Frank Turbeville

Playing career
- 1920–1923: Ouachita Baptist
- Position(s): Halfback

Coaching career (HC unless noted)
- 1928: Harding

Head coaching record
- Overall: 3–1–2 (college)

= Frank Turbeville =

American football coach (1908–1978)

Frank Turbeville was an American college football player and coach. He served as the head football coach at Harding College—now known as Harding University—for one season, in 1928. He led the team to the best season in the program's young history, with a record of 3–1–2.
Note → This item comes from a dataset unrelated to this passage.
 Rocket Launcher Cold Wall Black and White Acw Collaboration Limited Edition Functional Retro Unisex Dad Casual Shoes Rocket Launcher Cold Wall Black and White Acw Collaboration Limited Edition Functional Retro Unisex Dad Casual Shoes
Turbeville played football at Ouachita Baptist College—now known as Ouachita Baptist University under head coach Morley Jennings and in the 1920s, and was hailed as the best player in program football history. He also starred in basketball and baseball. The Ouachitonian wrote:

"The story of Frank Turbeville hardly needs retelling in Arkansas. Hailed as probably the greatest athletic Ouachita ever produced, he blazed a brilliant path through state athletics. Four-year letter man in football, three years all-state, captain and outstanding star, a great player most feared and prepared for by opposing teams; tireless, powerful and always fighting, he was a veritable football machine. He was an ideal captain, knowing the game thoroughly, and always setting the pace. Certainly Ouachita has never produced a greater football player than "Tubby"."

Turbeville left Harding after one year, and was replaced by one of his star Bison players, Buck Arnold.